¡LEJAIM!
¡Cómo de entre mis manos te resbalas!
¡Oh, como te deslizas, edad mía!
[...]¡Oh condición mortal! ¡Oh dura suerte!
¡Que no puedo vivir mañana
sin la pensión de procurar mi muerte!
Francisco de Quevedo
Según Quino, el padre de Mafalda (esa chiquilla sobresalida que todos conocemos o al menos deberíamos conocer), “la forma en que la vida fluye está mal. Debería ser al revés. Uno debería morir primero para salir de eso de una vez. Luego vivir en un asilo de ancianos hasta que te saquen cuando ya no eres tan viejo para estar ahí. Entonces empiezas a trabajar.

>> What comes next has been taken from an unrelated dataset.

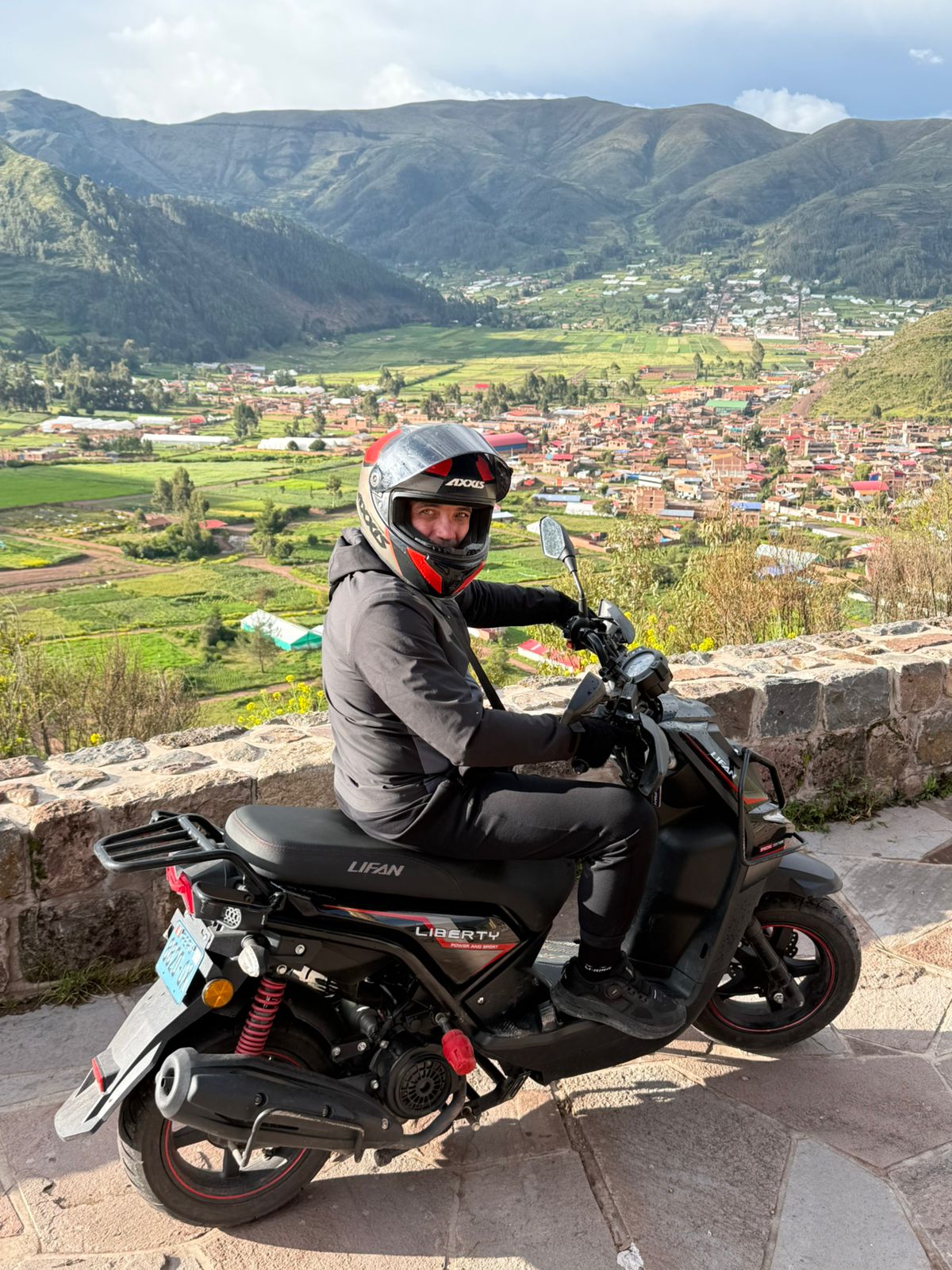 Blue dual-sport motorcycle parked on a scenic road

Trabajar por cuarenta años hasta que eres lo suficientemente joven para disfrutar de tu jubilación. Luego fiestas, parrandas, alcohol. Diversión, amantes, novios, novias, todo; hasta que estás listo para entrar a la secundaria. Después vas a la primaria y eres un niño que se la pasa jugando sin responsabilidades de ningún tipo hasta que con el tiempo te conviertes en un bebé y vas de nuevo al vientre materno, donde flotando en un liquido tibio y amable, pasas los mejores y últimos nueve meses, hasta que tu vida se apaga en un tremendo orgasmo. ¡Eso sí es vida!”.
Entre tantas formas en que imaginamos la muerte, la que Quino nos ofrece nos está del todo mal, especialmente en aquello de que la vida fluye al revés. Tan enrevesada es, que nos impone tomar decisiones como elegir oficio, compañero de vida, asumir o no la paternidad, y todo eso en plana juventud, cuando aún no estamos ni lejanamente preparados para tomar decisiones tan trascendentes. Luego habremos de hipotecar muchos años en un trabajo que nos permita sustentarnos, pagar la casa, la educación de los hijos, el auto nuevo. Finalmente nos jubilamos, y con una experiencia adquirida que ya no nos sirve para nada, emprendemos resignados la recta final hacia la tumba. Lo que hemos visto y lo que hemos leído, lo que rememoramos y lo que imaginamos se confundirán en una niebla definitiva, el irás y no volverás de los cuentos de horror. Todo se perderá como las lágrimas en la lluvia.
Aunque reconozco que la existencia es la única cosa a la que no he podido acostumbrarme, que ni siquiera me caigo bien, que cada día desconfío más de mí, y que mis años no han sido una ronda de tarta y champán; aun así le apuesto a la vida y la asumo sin dudarlo, con sus torrentes de lágrimas, la ternura, la incertidumbre, la música, la risa y los breves pero luminosos momentos que el amor que nos ofrece.
La muerte, en cambio, me coloca emocionalmente frente a un precipicio porque me obliga a preguntarme a dónde irá lo poco que con tanto esfuerzo he aprendido. A dónde la cajita de plata donde mojados en lágrimas, guardo unos rizos de seda. ¿A dónde el volumen de cantos dorados con el himno gigante y extraño que anuncia en la noche del alma una aurora, obsequio de un príncipe que al besarme se convirtió en sapo…
Me desconsuela pensar que sin dueño ni destino, empolvados y obsoletos, mis amados libros pasen la humillación de ser vendidos por kilo como cualquier vulgar periódico de ayer; pero sobre todo, me afrenta el tiempo que he perdido en quejarme.
“Lejaim” es el brindis con que mi Querubín convocaba la vida, que es lo único que podemos anteponer a la muerte. Asumirla como un milagro que se renueva cada mañana y acomodarnos con imaginación al breve relámpago de luz que se nos concede entre dos eternidades.
Y para terminar, a usted, pacientísimo lector que ha seguido hasta aquí mis divagaciones, me parece oportuno recordarle que para morirse uno, lo único que hace falta es estar vivo. Y nada de 'jalogüín', por favor. Pongamos pues el altarcito, los manteles de papel picado, ofrezcamos un trago a nuestros difuntos y desde ese prodigio que es estar vivo, celebremos a los muertos en su día. Alguien me habló todos los días de mi vida / al oído, despacio, lentamente. Me dijo: ¡Vive, vive, vive! / Era la muerte, Así lo dejó dicho Jaime Sabines.